HOSTING the Olympics is an honour for both the city and the country where it is held. One of the major benefits is the financial investment – sporting facilities are built or upgraded, public transport is overhauled, and businesses flock to the area. But what happens after the stadiums empty and the medals are handed out? Do the Olympic Games have a lasting economic boost, or is a hangover more likely?
Recent history tells us that the economic effect of the Games lasts at least a few months after the world leaves. Based on the value of the host country’s currency against the US dollar, at least three months after the closing ceremony, the effect can be potent. Excluding Beijing, as China pegs its currency to the US dollar, Vancouver, Turin and Athens all saw their currencies appreciate. The euro gained significantly in the months after the Games in Turin and Athens, while the Canadian dollar surged initially, only to fall off that pace, after Canada hosted in Vancouver.
However, this has not always been the case. If we were to look back further than the last three Games, a different story emerges. The values of the US dollar, Australian dollar, and Japanese yen show that the post-Olympic hangover can be significant. These currencies lost value, and only the Australian dollar returned to positive territory before the three months were over.
Obviously, some of the gains or losses had nothing to do with the Olympic Games and were more influenced by governmental activity or inactivity. But the recent divergence is interesting. Over the last eight years, currency trading by retail traders has grown exponentially, as has access to information.
Plus, those countries that lost value after the Games are often viewed as “safe haven currencies”, while those that gained are viewed as “risk on” currencies.
What are the implications for the London Games? If the recent trend continues, then we can expect to see pound sterling gain between 100 and 1,100 pips in the next three months. Politically though, the Bank of England hasn’t done much to lift the spirits of sterling bulls, with its talk of more conciliatory action via interest rate cuts or additional quantitative easing. Plus, the influence of the Olympics is much more significant in smaller countries. London is a much more important city monetarily, as well as culturally, to the UK than Salt Lake City will ever be to the US.
Therefore, we could start to eliminate some of the “less vital to their total economy” venues like Salt Lake City, Nagano, Turin, and Athens. This leaves us only Sydney and Vancouver to use as comparisons. Each gained only about 100 pips on the dollar, three months after the party left town, but took different routes to that point.

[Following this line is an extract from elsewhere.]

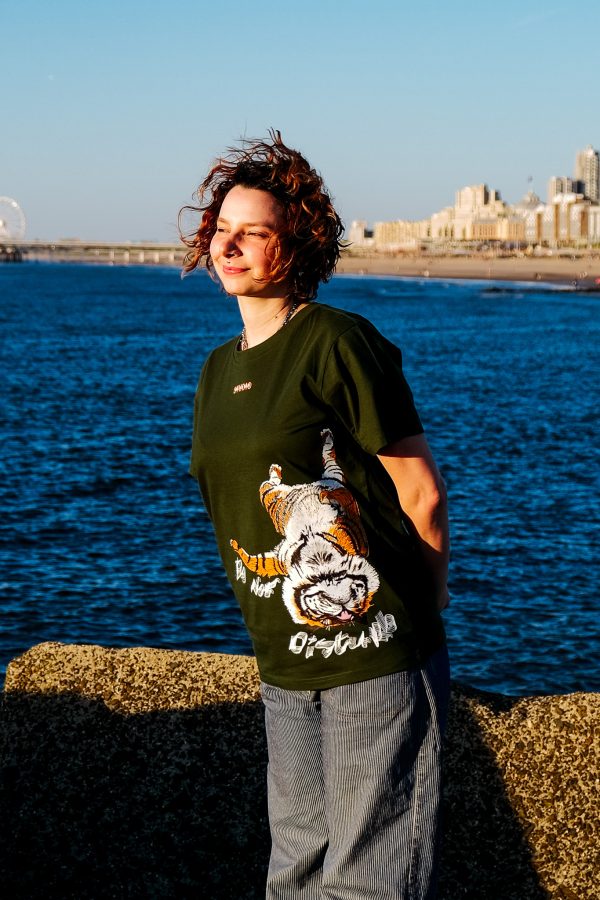 T-shirt, Sleepy Tiger Design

Also bear in mind that currencies often move based on backward-looking information. This could be as true of any Olympic effect as for information like GDP, employment data or consumer confidence indices. So it makes sense that, in our highly connected world, any positive developments from hosting the Olympic Games will be felt for months afterward, as the data points from the event are calculated.
Plus, pound sterling falls into the same category as the euro, Canadian dollar, and Australian dollar as a currency that benefits when traders are looking to take on risk.
The Olympic hangover could be mild. In fact, the sterling-dollar pair may gain ground over the next few months, as the data begins to tell the story of a successfully held Olympic Games.